High Protein Peanut Butter Banana Protein Bars

High Protein Peanut Butter Banana Protein Bars

Introduction

Are you on the lookout for a delicious and nutritious snack to fuel your day? Look no further! These High Protein Peanut Butter Banana Protein Bars are not only satisfying but also incredibly easy to make. Packed with protein and natural flavors, they can be the perfect addition to your post-workout routine or a healthy treat to curb those mid-day cravings. In this recipe, we’ll explore how to whip up these delightful bars using just a few ingredients you probably have at home.

Step-by-Step Instructions

Ingredients

– 2 ripe bananas
– 1 cup of rolled oats
– 1/2 cup of natural peanut butter
– 1/4 cup of honey or maple syrup
– 1 scoop of your favorite protein powder
– 1/4 teaspoon of salt
– Optional: Chocolate chips, nuts, or dried fruit for added texture

Directions

1. Preheat the oven: Start by preheating your oven to 350°F (175°C) and line an 8×8 inch baking pan with parchment paper.

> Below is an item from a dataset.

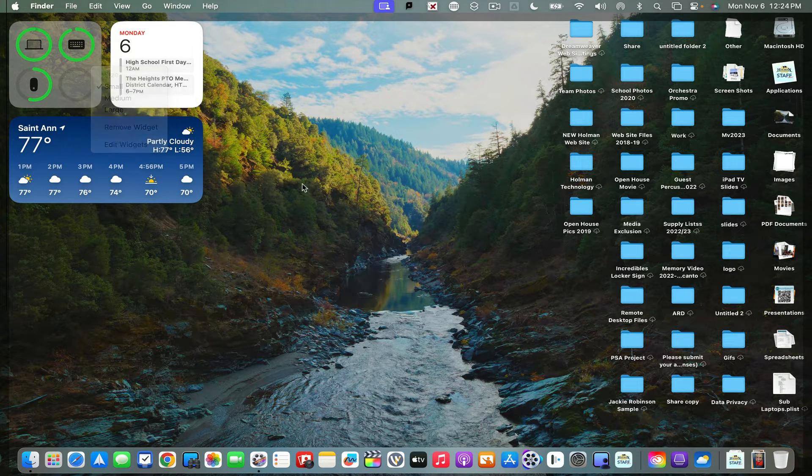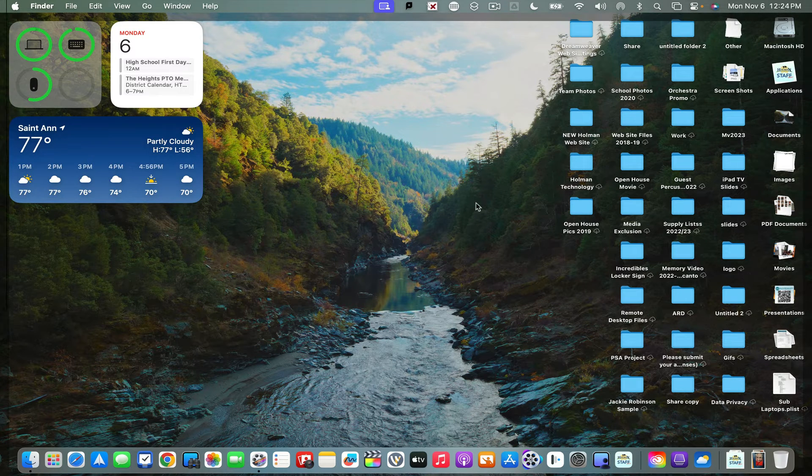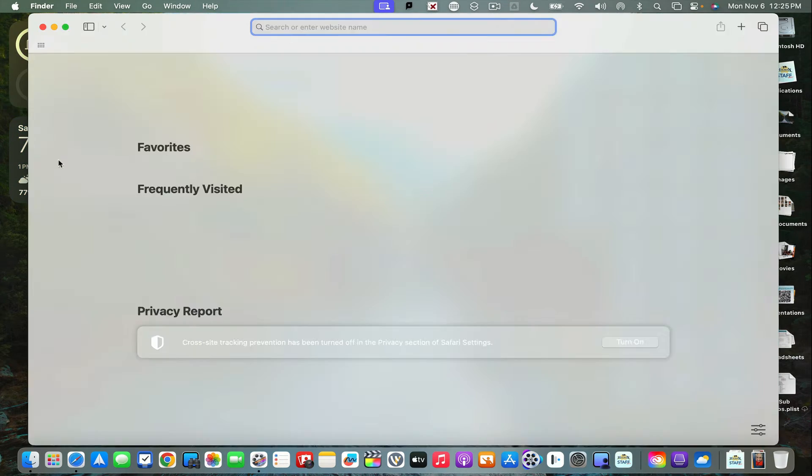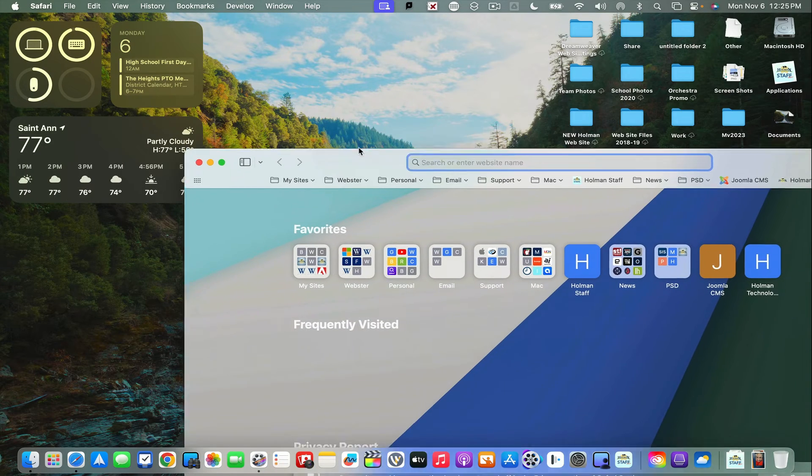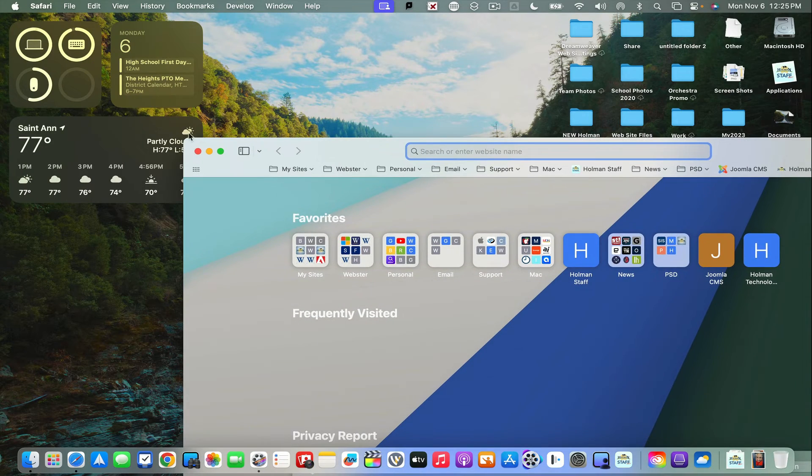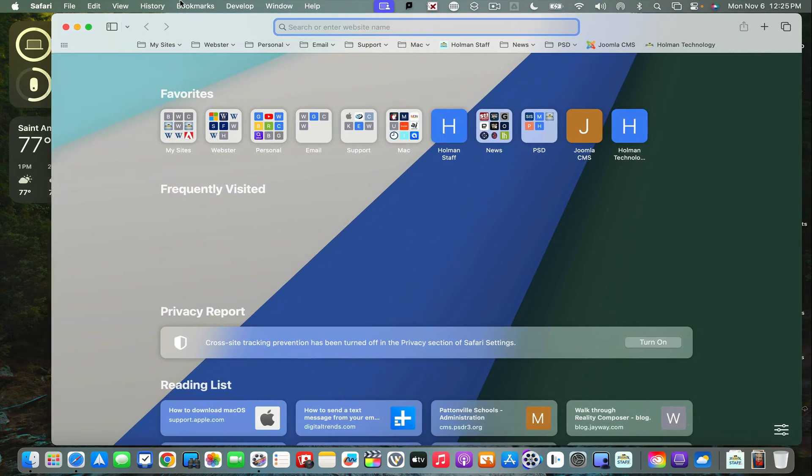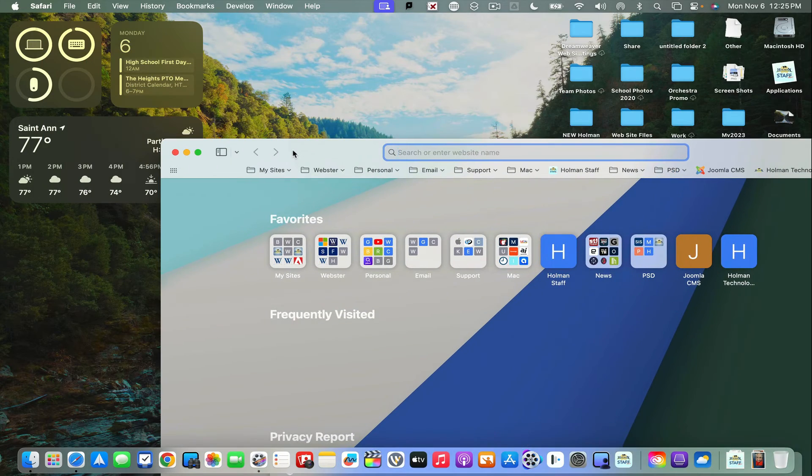Now whenever I am working in an app, these widgets will gray out and kind of fade into the background as not to be too distracting. But anytime I need it, I can simply click on my desktop and they'll come back to color.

2. Mash the bananas: In a large mixing bowl, mash the ripe bananas thoroughly until you achieve a smooth consistency.

3. Mix the wet ingredients: Add the natural peanut butter and honey (or maple syrup) to the mashed bananas, and mix until well combined.

4. Combine dry ingredients: In another bowl, combine the rolled oats, protein powder, and salt. Stir until evenly mixed.

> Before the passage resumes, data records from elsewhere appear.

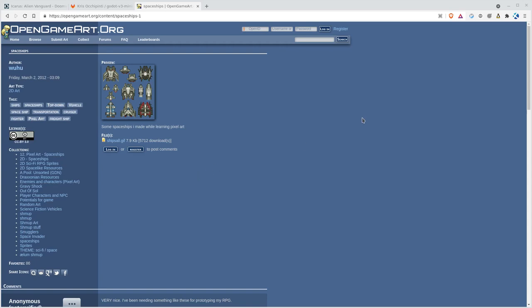Today in our minimal Godot tutorial we're going to fix blurry pixel art. I've imported one of these ships from this project here.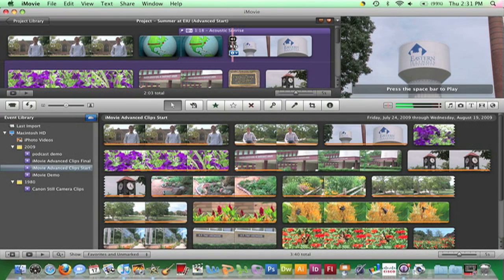While filming clips, it is very difficult to maintain consistent audio levels. Fortunately, the audio level of each clip in a project can be adjusted. In this particular clip of an EIU water tower, the sound of the wind is predominant.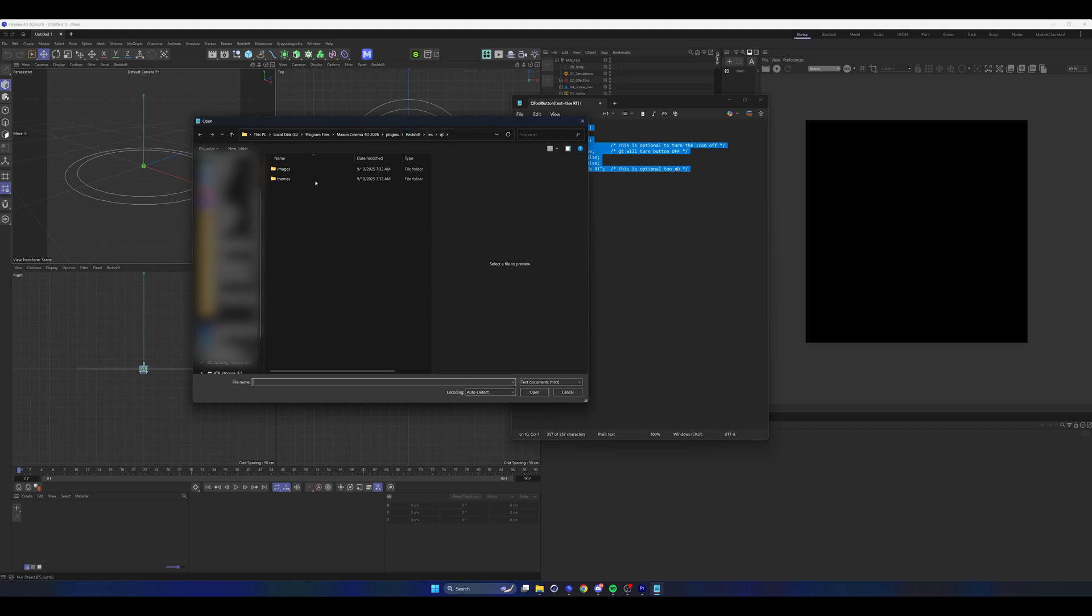Once you're in QT, you should see images and themes. If you don't see any other documents in there, go down to your text documents down here and set it to all files.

5. Blend wet and dry: Gradually add the dry ingredients to the banana and peanut butter mixture. Stir until everything is well combined. If you want to add chocolate chips or nuts, this is the time to fold them in!

6. Spread and bake: Pour the mixture into the prepared baking pan, spreading it evenly. Bake for 20-25 minutes, or until the edges turn golden brown.

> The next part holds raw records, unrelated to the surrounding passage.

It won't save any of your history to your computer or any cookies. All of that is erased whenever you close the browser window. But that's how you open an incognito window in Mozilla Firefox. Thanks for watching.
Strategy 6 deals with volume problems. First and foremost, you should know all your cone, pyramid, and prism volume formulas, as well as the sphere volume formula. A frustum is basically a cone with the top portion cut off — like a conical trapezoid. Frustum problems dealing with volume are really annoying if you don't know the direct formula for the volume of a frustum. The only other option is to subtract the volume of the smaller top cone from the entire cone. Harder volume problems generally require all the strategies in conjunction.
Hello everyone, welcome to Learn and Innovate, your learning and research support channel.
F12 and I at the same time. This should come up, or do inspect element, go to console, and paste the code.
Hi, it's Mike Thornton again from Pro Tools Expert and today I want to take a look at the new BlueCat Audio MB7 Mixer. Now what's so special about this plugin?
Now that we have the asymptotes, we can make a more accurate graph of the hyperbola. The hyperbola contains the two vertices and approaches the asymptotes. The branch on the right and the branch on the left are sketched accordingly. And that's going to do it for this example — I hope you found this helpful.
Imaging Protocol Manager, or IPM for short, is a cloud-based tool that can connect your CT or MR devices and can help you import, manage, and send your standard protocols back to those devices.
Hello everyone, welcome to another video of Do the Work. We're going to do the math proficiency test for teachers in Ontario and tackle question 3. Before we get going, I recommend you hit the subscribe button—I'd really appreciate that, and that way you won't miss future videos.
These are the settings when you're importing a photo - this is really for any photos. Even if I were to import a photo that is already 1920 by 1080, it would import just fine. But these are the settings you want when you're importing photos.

7. Cool and cut: Allow the bars to cool for at least 10 minutes in the pan before transferring to a wire rack. Once cooled, cut into squares or bars.

By following these easy steps, you’ll have your very own batch of High Protein Peanut Butter Banana Protein Bars ready to enjoy!

Tips

Storage: These bars are great for meal prep! Store them in an airtight container in the refrigerator for up to a week, or freeze them for longer shelf life.
Customizable: Feel free to customize your bars by adding seeds, coconut flakes, or different nut butters according to your preference.
Perfect Portioning: If you’re trying to control portion sizes, consider measuring out the mixture using a cookie scoop for evenly sized bars.

Alternative Methods

If you’re short on time or want to change up the texture, try making these bars in the microwave! Simply mix the ingredients as directed, pour into a microwave-safe dish, and cook for about 1-2 minutes, checking for doneness frequently.

You can also experiment with different protein powders for unique flavor combinations. Chocolate or vanilla protein powder can bring an exciting twist to your High Protein Peanut Butter Banana Protein Bars.

Conclusion

Congratulations! You’ve just mastered the art of making High Protein Peanut Butter Banana Protein Bars. With this straightforward recipe at your fingertips, you’ll never have to settle for store-bought snacks again. Enjoy these protein-packed bars any time of the day, and don’t hesitate to explore your own variations in the kitchen. Happy snacking!